> _WHAT YOU HAVE TO DO_
Could the lines from the start of the data through the line with "Set termos inox" be set down exactly, with no pictures among them?

> _AVAILABLE DATA_
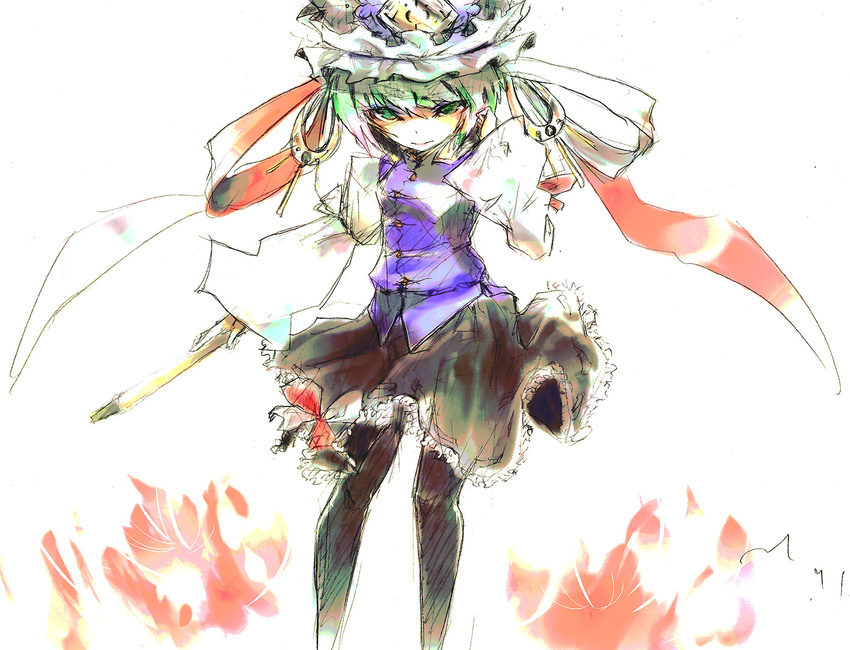 ast black_legwear bow flower frilled_skirt frills green_eyes green_hair hat hat_ribbon lips pantyhose red_bow ribbon rod_of_remorse shiki_eiki simple_background skirt solo spider_lily touhou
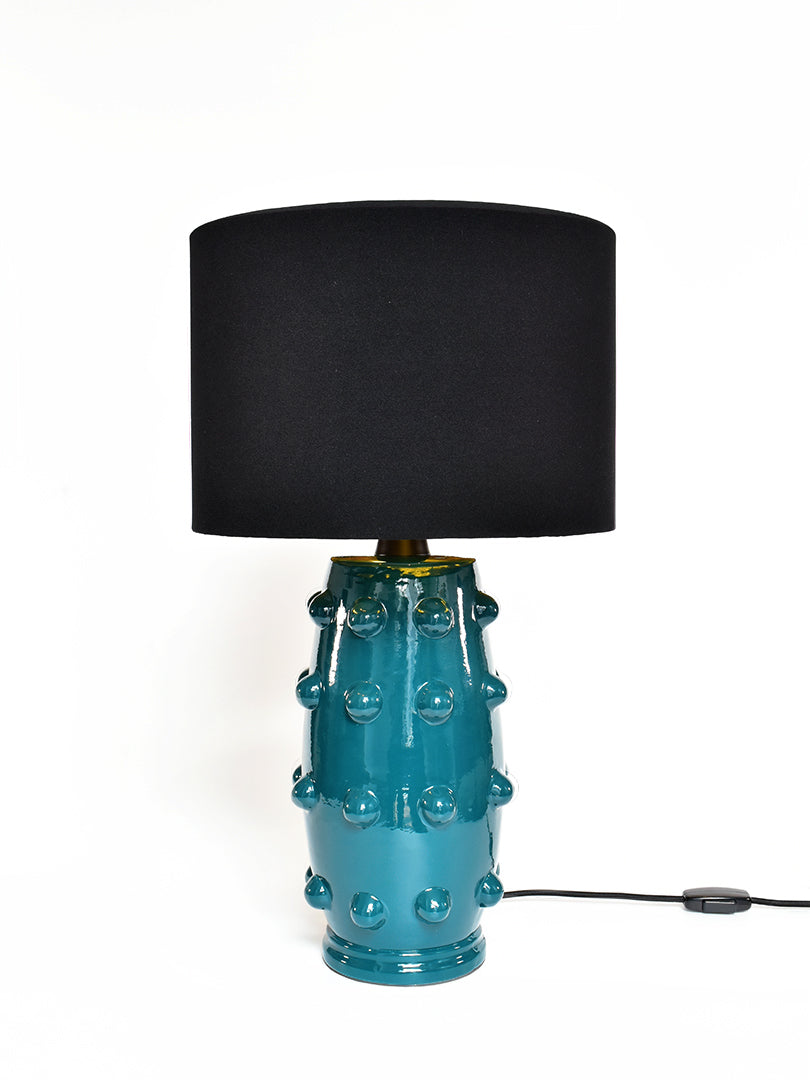 Lámpara de Mesa Bolas Turquesa + Liso Negro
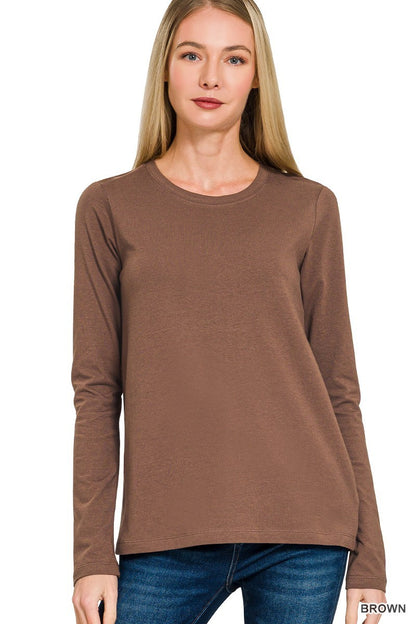 Womens Cotton T-Shirt Crew Neck Stretch Casual Tunic Long Sleeve Plain Basic Top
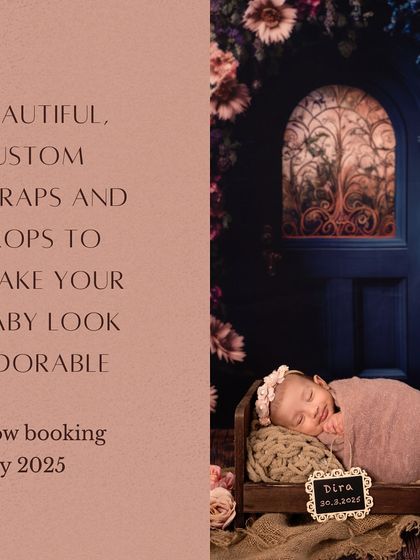 I provide a wide range of beautiful, custom wraps and props to make your baby's photoshoot absolutely adorable and unique to your style.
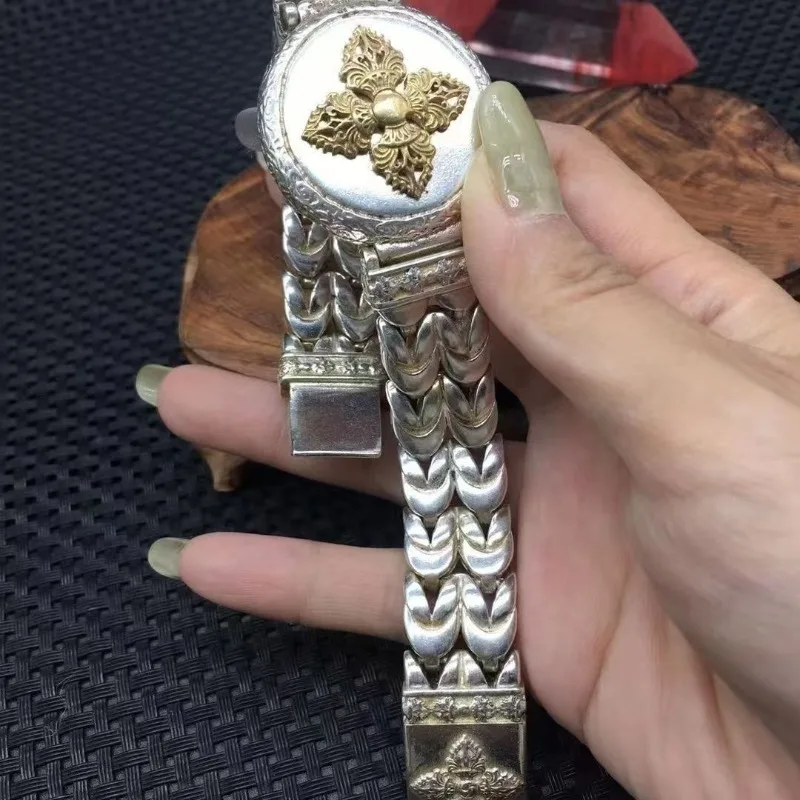 

Old Tibetan Silver Inlaid Brass Subduing Demonic Pestle Bracelet Fashion jewelry Personality Men Women Couples Gift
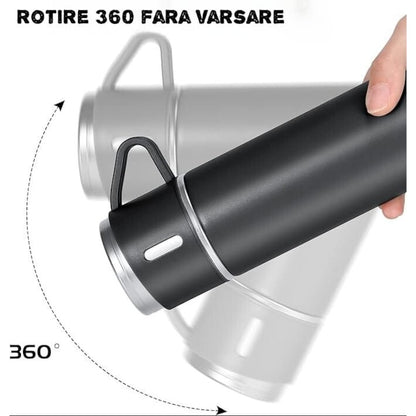 Set termos inox premium – cu 3 cești, negru, ambalaj elegant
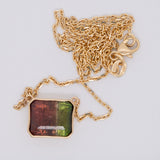 14K yellow gold bi-color tourmaline necklace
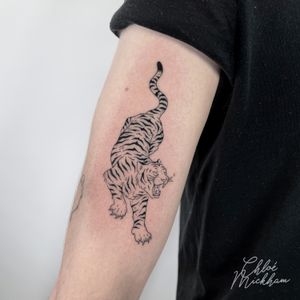 Experience the fierce beauty of this fine line tiger tattoo, expertly rendered by Chloe Mickham. Perfect for those who love nature and wildlife.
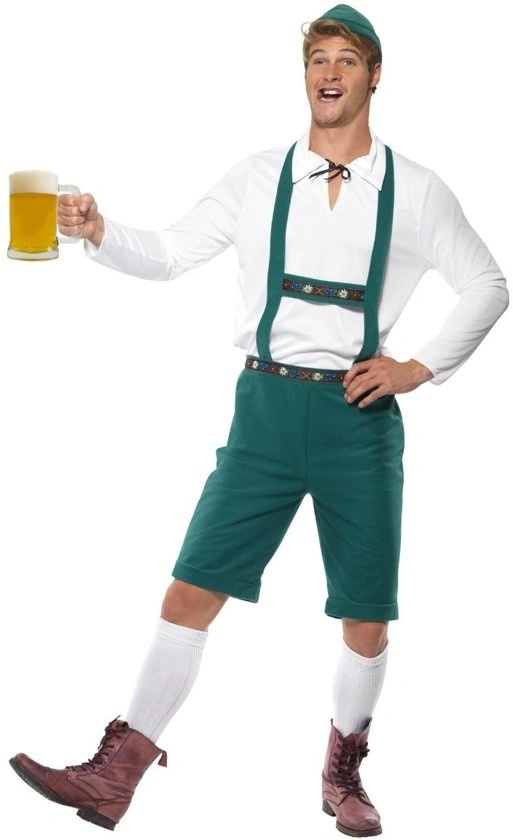 Smiffys Oktoberfest - Kostuum - Lederhose, Shirt & Hoed - Groen - XL 3 Smiffys Oktoberfest - Kostuum - Lederhose, Shirt & Hoed - Groen - XL - Afbeelding 3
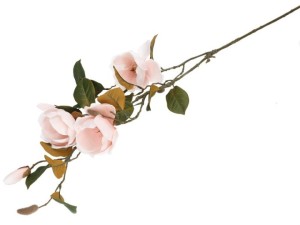 Sztuczna magnolia różowa – gałązka dekoracyjna 90 cm
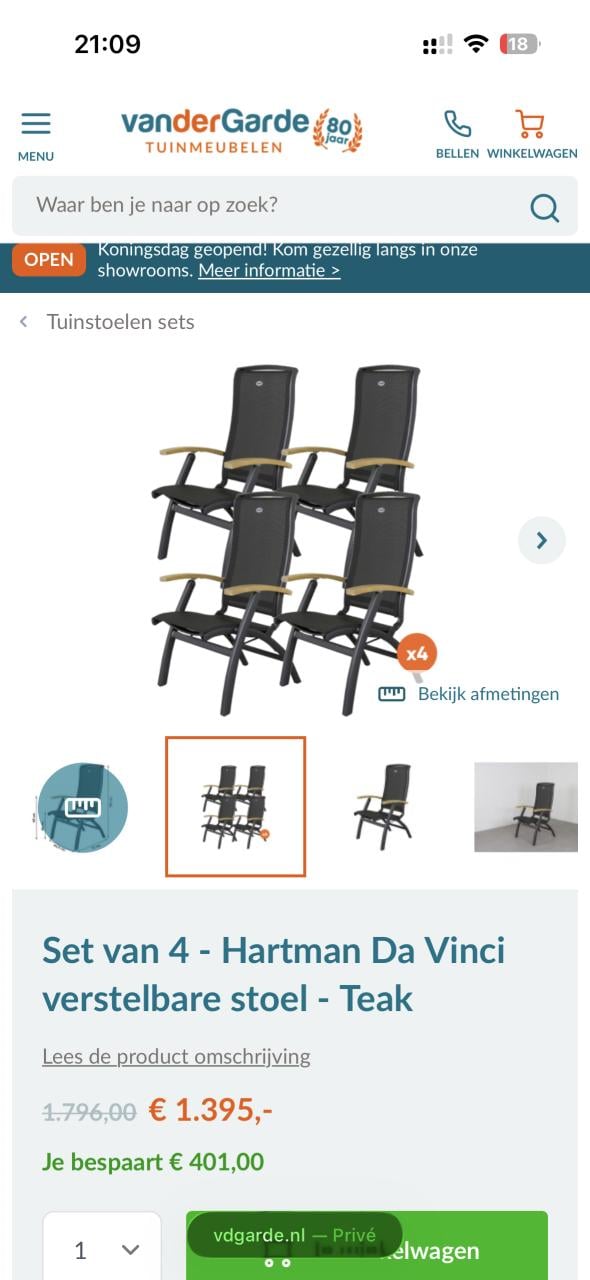 4x Tuinstoelen Hartman Da Vinci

> _EXPECTED ANSWER_
 ast black_legwear bow flower frilled_skirt frills green_eyes green_hair hat hat_ribbon lips pantyhose red_bow ribbon rod_of_remorse shiki_eiki simple_background skirt solo spider_lily touhou
 Lámpara de Mesa Bolas Turquesa + Liso Negro
 Womens Cotton T-Shirt Crew Neck Stretch Casual Tunic Long Sleeve Plain Basic Top
 I provide a wide range of beautiful, custom wraps and props to make your baby's photoshoot absolutely adorable and unique to your style.

Old Tibetan Silver Inlaid Brass Subduing Demonic Pestle Bracelet Fashion jewelry Personality Men Women Couples Gift
 Set termos inox premium – cu 3 cești, negru, ambalaj elegant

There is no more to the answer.